Nunca un error sobre el campo de fútbol tuvo peores consecuencias. Netflix estrena mañana una serie sobre el futbolista colombiano asesinado por el narcotráfico tras marcar un gol en propia meta durante el Mundial de 1994

El futbolista colombiano 
Andrés Escobar fotografiado en 1994.
El futbolista colombiano Andrés Escobar fotografiado en 1994.imago sportfotodienst (imago sportfotodienst / Cordon Press)
Eva Güimil

“Mami, al tío Andrés lo van a matar”. La frase la pronunció Felipe Ángel Escobar, de diez años, a su madre el 22 de junio de 1994 tras una jugada que la televisión ha repetido miles de veces desde entonces. El centrocampista de la selección estadounidense Mike Sorber lanzó un centro del área colombiana y, para evitar que un delantero la cazase al vuelo, el defensa Andrés Escobar se lanzó con las dos piernas por delante e introdujo el balón en su propia portería. Fue el primer gol de un partido que acabaría con derrota de los colombianos por dos a uno, lo que suponía el adiós al Mundial de Fútbol de 1994.

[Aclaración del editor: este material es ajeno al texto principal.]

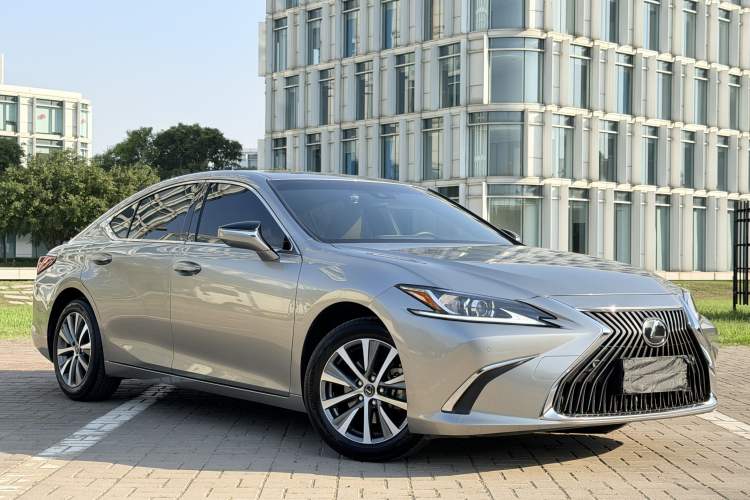 Used Lexus ES 2020 200 Excellence Edition Exterior 2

Lo que sucedió aquella noche en el Rose Bowl de Pasadena ante 90.000 espectadores es un lance del juego tan desafortunado como cotidiano (este mismo fin de semana se marcaron dos goles en propia meta tan sólo en el Brighton-Chelsea de la Premier). Si casi tres décadas después lo recordamos con nitidez es porque diez días después se cumplió la profecía de Felipe Ángel. A su tío Andrés Escobar le descerrajaron seis tiros en la cabeza. Tenía 27 años. Que su asesinato estaba vinculado con aquel fatídico despeje es algo que nadie en Colombia dudaba. Ni siquiera un niño.

Que casi tres décadas después la herida no está cerrada y el suceso sigue despertando un interés desmedido lo demuestra que esta semana llegue a Netflix Goles en Contra, del director Carlos Moreno, una miniserie que pretende reflejar el auge y caída del fútbol colombiano entre 1987 y 1994, un periodo de demasiadas sombras.

La selección de Colombia había llegado al Mundial de Estados Unidos con la vitola de favorita, más por el peso de sus individualidades que por su trayectoria histórica. Allí estaban el inconfundible Carlos Valderrama, Faustino Asprilla, Freddy Rincón o el Tren Valencia, y al frente, Pacho Maturana, que poco después entrenaría al Atlético de Madrid. Una fase clasificatoria impecable coronada por un cero a cinco contra la Argentina de Simeone y Batistuta en el Estadio Monumental de Buenos Aires habían disparado las expectativas del país.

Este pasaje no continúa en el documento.